October 16, 2012

Molecular switches are an elegant way for a cell to regulate countless processes with a limited number of proteins. The layers of regulation that drive switch activation or inactivation allow the cell to drive one very specific process, despite the presence of all of the tools and materials to drive a thousand other processes. Today’s image is from a paper that describes one layer of regulation on a well-studied (and well-loved) set of molecular switches.

Rho GTPases are actin regulators that switch between active and inactive states. Their activation state is regulated by proteins (GEFs) that drive the GTPases into their active state, and others (GAPs) that drive them into their inactive state. RhoGDIs (Rho guanine nucleotide dissociation inhibitors) provide an additional level of control over Rho GTPase activity by sequestering Rho GTPases in inactive complexes. The selective dissociation of individual Rho GTPases from these complexes provides the cell with a context-specific response based on the actin-based structures required.
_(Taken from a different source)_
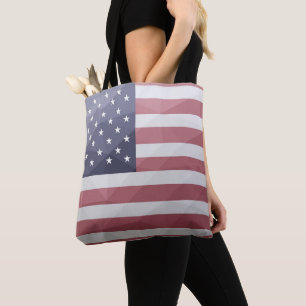USA-Flagge Rot Weiß Blau Amerika Geometrisches Net Tasche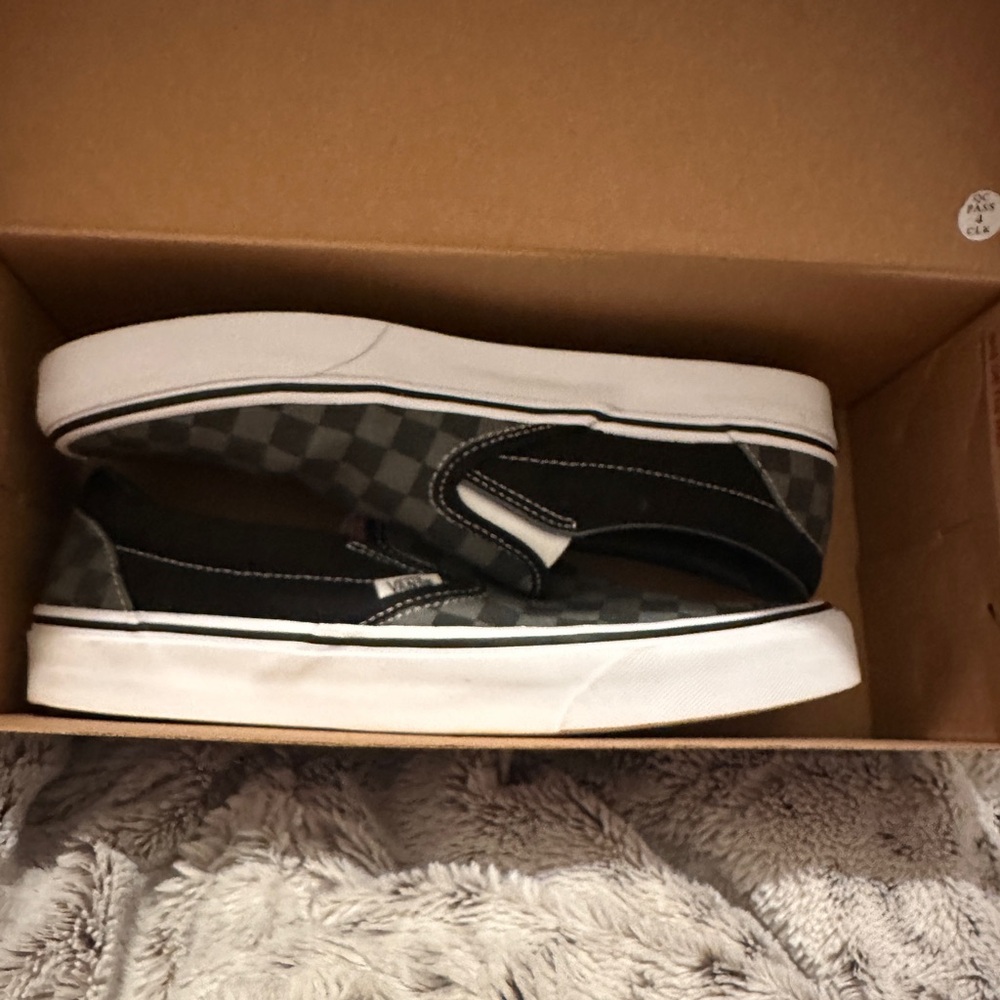 Vans Men's Gray and Black Checkered Slip-On Sneakers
A recent paper describes the function of a protein called diacylglycerol kinase ζ (DGKζ) in the release of two Rho GTPases, Rac1 and RhoA, from RhoGDI complexes. Rac1 regulates membrane ruffling and lamellipodia formation, while RhoA regulates stress fiber and focal adhesion formation. Ard and colleagues found that DGKζ-deficient cells showed signs of faulty RhoA signaling, as seen in the images above. Actin stress fibers (left column, green in merged) and focal adhesions (middle column, red in merged) appear normal in wild-type cells (top). In DGKζ-null cells (bottom row), actin stress fibers appeared condensed (arrow) and less organized, while focal adhesion distribution was impaired.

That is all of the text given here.